Personal information
- Full name: William Lofts Cornwell
- Born: 27 August 1838 Bottisham, Cambridgeshire, England
- Died: 21 April 1915 (aged 76) Bottisham, Cambridgeshire, England
- Batting: Unknown
- Role: Wicket-keeper

Domestic team information
- 1864–1868: Cambridgeshire

Career statistics
| Competition | First-class |
| Matches | 5 |
| Runs scored | 22 |
| Batting average | 4.40 |
| 100s/50s | –/– |
| Top score | 12 |
| Catches/stumpings | 3/1 |
- Source: Cricinfo, 23 May 2022

= William Cornwell (cricketer) =

English cricketer

William Lofts Cornwell (27 August 1838 — 21 April 1915) was an English first-class cricketer.

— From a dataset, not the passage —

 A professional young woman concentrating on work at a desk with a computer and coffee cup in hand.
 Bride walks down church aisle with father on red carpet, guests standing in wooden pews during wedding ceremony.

Cornwell as born in August 1838 at Bottisham, Cambridgeshire. He was active in Cambridgeshire cricket following the demise of the Cambridge Town and County Club in 1848. A middle-order batsman and wicket-keeper, he played first-class cricket for Cambridgeshire on five occasions between 1864 and 1868, beginning with his debut against Yorkshire at Parker's Piece. His five first-class matches yielded him just 22 runs with a highest score of 12, while in his capacity as wicket-keeper he took three catches and made a single stumping. Outside of cricket, Cornwell was employed as a servant at the University of Cambridge by St John's College. He died at Bottisham in April 1915, two hours after falling ill.